J’allais bientôt me rendre compte que ce short possède une faille : la position allongée. Je descends donc les marches qui mènent à cette crique et là je m’aperçois qu’il y a quand même un peu de monde…J’hésite un peu avant de tomber le tee shirt car cette saloperie de short a tendance à laisser voir la culotte plastique au niveau de la taille. Je me décide enfin puis je m’allonge afin de profiter un peu de ce soleil breton. Ce n’est qu’au bout d’une demi heure qu’il me semble avoir été repéré par une jeune fille et sa copine. Vu que mon imaginaire est souvent à 2000 pour cent j’opte pour une fausse alerte. Malgré tout je modifie la position de mon sac de plage afin de cacher l’angle de vue. Tout à coup une des filles se lève et semble se diriger vers des gamins qui jouent non loin de moi.
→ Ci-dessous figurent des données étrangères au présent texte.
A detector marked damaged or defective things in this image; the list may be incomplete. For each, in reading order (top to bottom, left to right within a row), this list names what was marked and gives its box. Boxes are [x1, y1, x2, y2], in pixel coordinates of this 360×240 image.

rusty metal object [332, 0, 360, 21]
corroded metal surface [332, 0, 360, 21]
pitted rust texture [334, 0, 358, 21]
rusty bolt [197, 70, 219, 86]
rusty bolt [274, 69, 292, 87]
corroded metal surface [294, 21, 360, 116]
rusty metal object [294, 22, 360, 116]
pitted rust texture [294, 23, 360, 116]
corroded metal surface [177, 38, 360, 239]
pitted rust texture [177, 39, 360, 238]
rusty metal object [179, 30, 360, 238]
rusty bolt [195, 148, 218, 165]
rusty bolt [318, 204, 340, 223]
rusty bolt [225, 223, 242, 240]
Elle revient vers sa copine et lui lance : « Là aussi c’est mouillé ». En fait, de là où elle était je me rends compte qu’elle a une vue plongeante sur l’autre échancrure de mon short. Je sens la honte m’envahir et je ne sais plus trop quoi faire. Elles sont mortes de rire et laissent sous entendre que ces éclats de rire sont dus aux gamins qui jouent (euh là je me sens tout petit)…Le petit jeu a continué encore et la fille est revenu jouer avec les gamins justement en jetant de temps à autre des regards (que j’ai pu discerner) sur l’angle de vue du short qui n’était pas caché…Elle revient ensuite voir sa copine et là elle sont de nouveau morte de rire…Je ne sais plus ou me mettre….Enfin (le comble) elle revient vers les gamins et prend des photos de ces charmants bambins tentant (je suis presque sur) d’immortaliser ce qu’elle voit afin de la faire partager avec son amie….Moi qui croyais ce short à l’épreuve des balles : que Neni

2 mois et demi…

Auront été nécessaire pour arriver enfin à cet état tant rêvé de « Grande pissouserie ». Je passe enfin des nuits calmes sans réveils intempestifs et c’est que du bonheur. Les journées sont aussi au beau fixe. La cicatrisation semble être presque arrivée à son terme, tout comme les grands travaux de rénovation de l’appart dans lesquels je me suis lancé il y à 5 semaines. Plutôt que de rester dans l’attentisme autant occuper mes journées. Vous vous demandiez certainement pourquoi je ne donnais pas de nouvelles…Vous avez enfin la réponse. La nurserie a été totalement refaite à neuf avec l’arrivée d’un meuble bas sous le lit pour stocker les couches et culottes. Un meuble ainsi qu’un petit marche pied dessinés par moi-même et réalisés par un menuisier sur Bordeaux !! Bref je ne me suis pas ennuyé ! Certains se demandent comment je gère la couche culotte avec cette chaleur permanente. En fait je n’ai pas vraiment le choix. Je m’hydrate, donc je change régulièrement mes fesses. C’est aussi simple que cela ! Le short est de rigueur bien évidemment et je dois souvent composer avec les regards amusés des gens que je croise avec des anecdotes qui se multiplient. Avec Nathy nous sommes allés faire des courses à Intermarché récemment et en me penchant sur le panier à courses je n’ai pas remarqué un type qui a montré à ses fils la culotte plastique et la couche qui dépassait du short. Nathy a adoré le spectacle. Un autre jour où un couple de voisin est venu sonner à ma porte. J’ai enfilé rapidement un short échancré mais je n’ai vu qu’après que je l’avais mal mis et que ma couche était bien visible aux échancrures… regard gêné du voisin que je n’ai compris qu’après coup. C’est ça aussi une vie de pisseux, s’habituer progressivement à ces grands moment de solitude où l’on se sent vraiment tout petit. Mes nuits sont maintenant beaucoup plus calmes et je me réveille systématiquement avec la couche trempée. Une petite envie au réveil encore mais c’est rien comparé au début.

Bilan à J+35.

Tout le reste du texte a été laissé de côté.